TASK INSTRUCTIONS
Give the listing again exactly, omitting its images.

(Beginning of DATA SEGMENT)

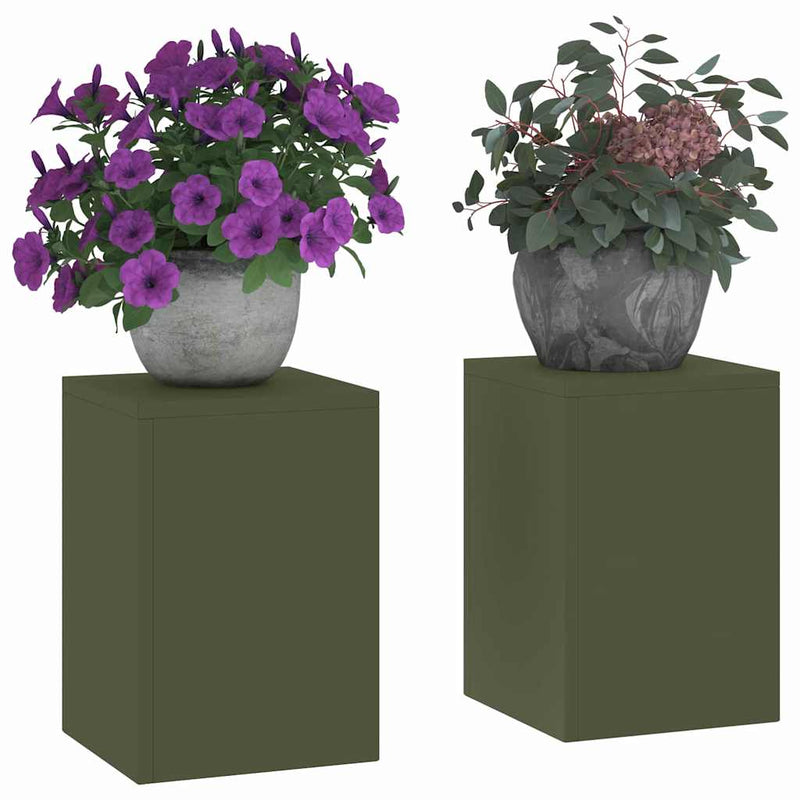 vidaXL Növényállványok 2 pcs Oliva zöld 24 x 24 x 35 cm Acél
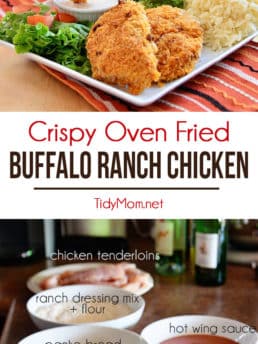 These crispy oven fried Buffalo Ranch Chicken strips are crisp-crusted moist and tender fiery buffalo sauce slathered where's the ranch dip chicken fingers. Get the recipe at TidyMom.net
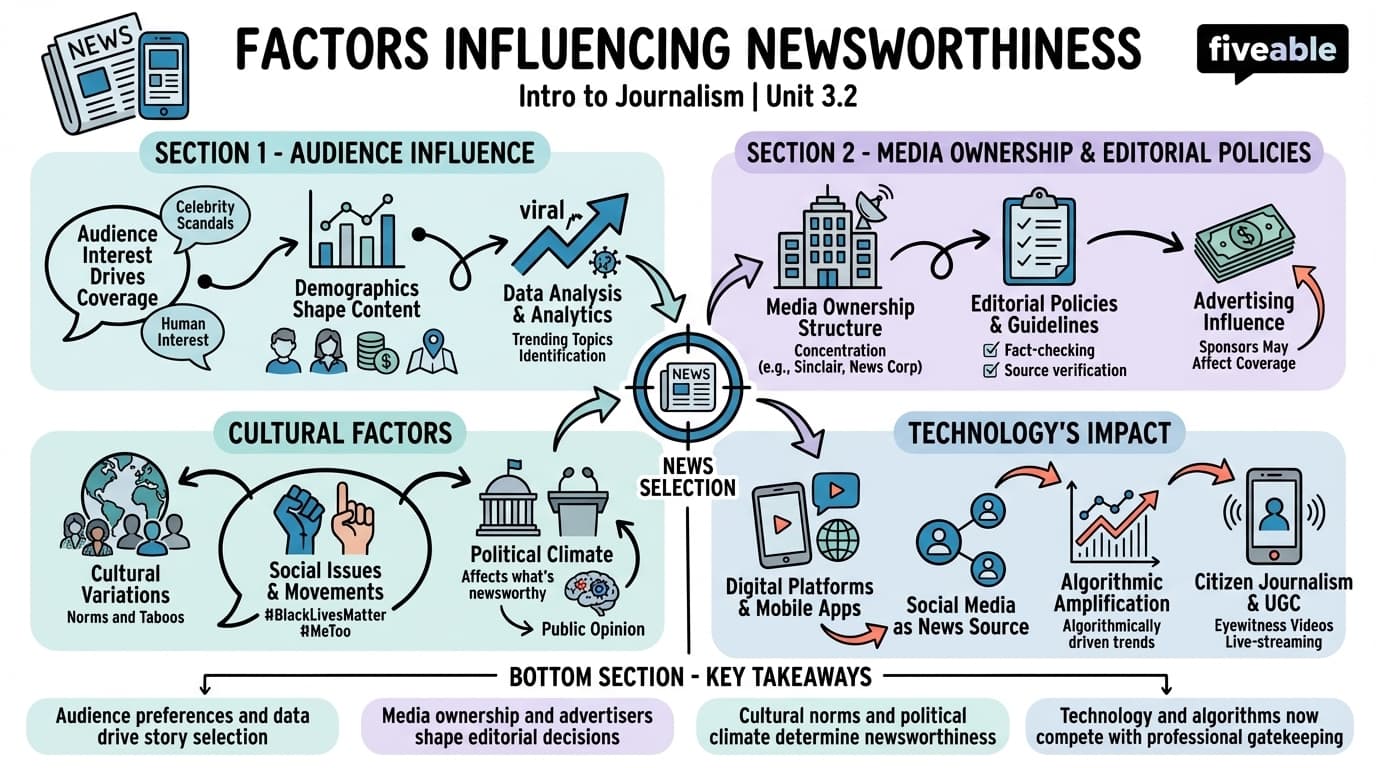 3.2 Factors influencing newsworthiness - Intro to Journalism - Unit 3 visual cheatsheet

(End of DATA SEGMENT)

ANSWER SPACE
 vidaXL Növényállványok 2 pcs Oliva zöld 24 x 24 x 35 cm Acél
 These crispy oven fried Buffalo Ranch Chicken strips are crisp-crusted moist and tender fiery buffalo sauce slathered where's the ranch dip chicken fingers. Get the recipe at TidyMom.net
 3.2 Factors influencing newsworthiness - Intro to Journalism - Unit 3 visual cheatsheet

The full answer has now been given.